How does intermittent fasting affect β cell function and diabetes risk

By Tarun Sai LomteReviewed by Lily Ramsey, LLMFeb 18 2025

Short-term IF boosts glucose homeostasis, but prolonged fasting in adolescence may impair β cell maturation—potentially linking chronic IF to type 1 diabetes risk.

Study: Chronic intermittent fasting impairs β cell maturation and function in adolescent mice. Image Credit: Pormezz/Shutterstock.com

In a recent study published in Cell Reports, researchers demonstrated that long-term (LT) intermittent fasting (IF) impairs β cell function and maturation in adolescent mice.

Background

An overconsumption of palatable and energy-rich foods characterizes modern dietary habits. IF is a dietary strategy of alternating between periods of eating and fasting and has gained considerable popularity in recent years.

Studies suggest that a fasting window of at least 10 hours, followed by an eating period for the rest of the day, is essential for metabolic benefits.

Most IF strategies have beneficial effects on metabolic parameters in mice and humans, including blood pressure, body weight, cholesterol, insulin sensitivity, and life span.

In the context of type 2 diabetes (T2D), IF leads to higher insulin synthesis and secretion gene expression, improved β cell function, and higher insulin levels. However, the impact of IF on T1D is unclear.

The study and findings

In the present study, researchers examined the effects of IF in mice at different life stages. First, they evaluated the impact of five-week (short-term, ST) and 10-week (LT) IF on food intake and body weight in young (two-month-old), middle-aged (eight-month-old), and old (18-month-old) mice. They also included age-matched controls fed ad libitum.

Middle-aged and old mice exhibited no body weight changes with ST IF, while the young group had lower body weights due to reduced food intake relative to controls.

Conversely, LT IF led to lower body weights in all groups, regardless of age. Insulin (ITTs) and glucose tolerance tests (GTTs) showed that ST IF augmented insulin sensitivity and glucose homeostasis independent of age.

By contrast, GTT improved with LT IF in old mice, while ITT did not differ from controls. Further, ITTs and GTTs were improved in middle-aged mice after LT IF, while they were not different between the intervention and control groups of young mice.

Further, glucose-stimulated insulin secretion (GSIS) tests were performed to examine β cell function in isolated primary islets. Islets from control and LT IF groups secreted similar levels of insulin at low glucose concentrations.

By contrast, islets from old mice on LT IF secreted more insulin than those from controls at high glucose concentrations. Besides, there were no significant changes in islets from middle-aged mice. Conversely, young mice on LT IF had lower GSIS than controls.

Old mice on LT IF had no changes in islet quantity, but the other age groups had lower quantities. Further, insulin content in isolated islets was elevated in old mice, unchanged in middle-aged mice, and reduced in young mice on LT-IF.

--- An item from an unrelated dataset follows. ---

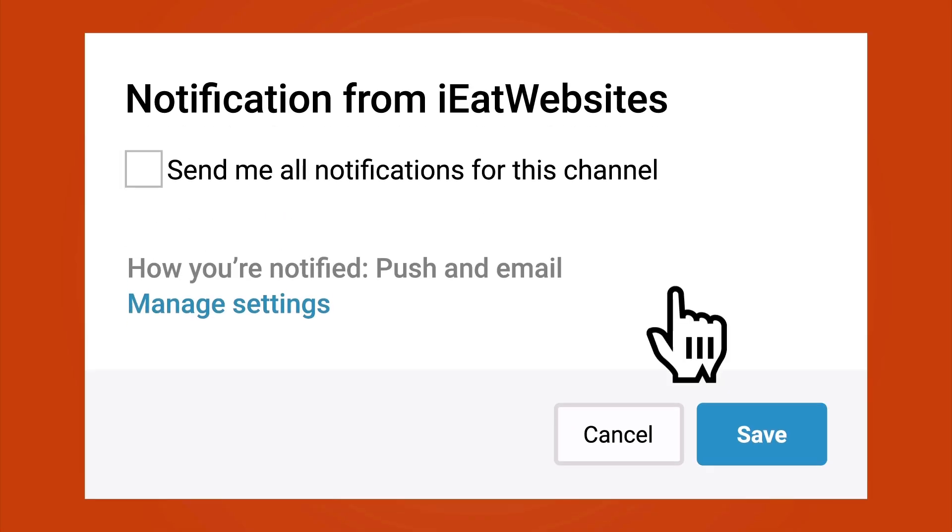That's it. Subscribe if you want to keep learning and click on the bell icon to receive notifications every time I upload a new video. Thank you so much for watching. Have a beautiful day. Bye bye!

These findings suggested that LT IF impaired islet function in young mice and improved ex vivo islet function in old mice. Further, single-cell RNA sequencing (scRNA-seq) was performed on isolated islets from all age groups following LT IF. Cell clusters were assigned to major endocrine cell types based on established markers: glucagon, pancreatic polypeptide, insulin, and somatostatin.

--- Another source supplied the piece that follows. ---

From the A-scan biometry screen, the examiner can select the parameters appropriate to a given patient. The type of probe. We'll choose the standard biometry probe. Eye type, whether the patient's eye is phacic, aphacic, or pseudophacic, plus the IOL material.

In addition, bioinformatic analyses of β cells were performed to ascertain IF- and age-dependent transcriptomic responses.

This revealed that the β cell maturation gene set was the most significantly different between LT IF and control groups. Middle-aged and old mice had higher β cell maturation scores than controls, while the young mice had lower scores.

The team analyzed the over-representation of pathways in differentially regulated genes in β cells and identified a cluster of related pathways, including those of insulin function and T2D. Next, they leveraged the overlap of genes annotated to β cell maturation with those contributing to pathway over-representation to identify potential candidate genes.

They found that most candidate genes, including insulin 1 (Ins1), solute carrier family two member 2 (Slc2a2), and MAF BZIP transcription factor A (Mafa), were only lower in young mice exposed to LT IF.

Finally, the team analyzed bulk RNA-seq datasets of human islets from donors with T1D or T2D. It noted that the genes downregulated in young mice on LT IF had a similar downregulation pattern in samples from T1D patients.

Conclusions

In sum, the study illustrated that ST IF resulted in metabolic benefits in mice across age groups, but LT IF negatively affected β cell function in young mice.

scRNA-seq revealed a transcriptional profile associated with impaired β cell maturation in young mice, which was linked to the transcriptional signature of β cell function and maturation-related genes in T1D patients.

Overall, these findings suggest considering IF duration in younger persons, as it may aggravate diabetes outcomes.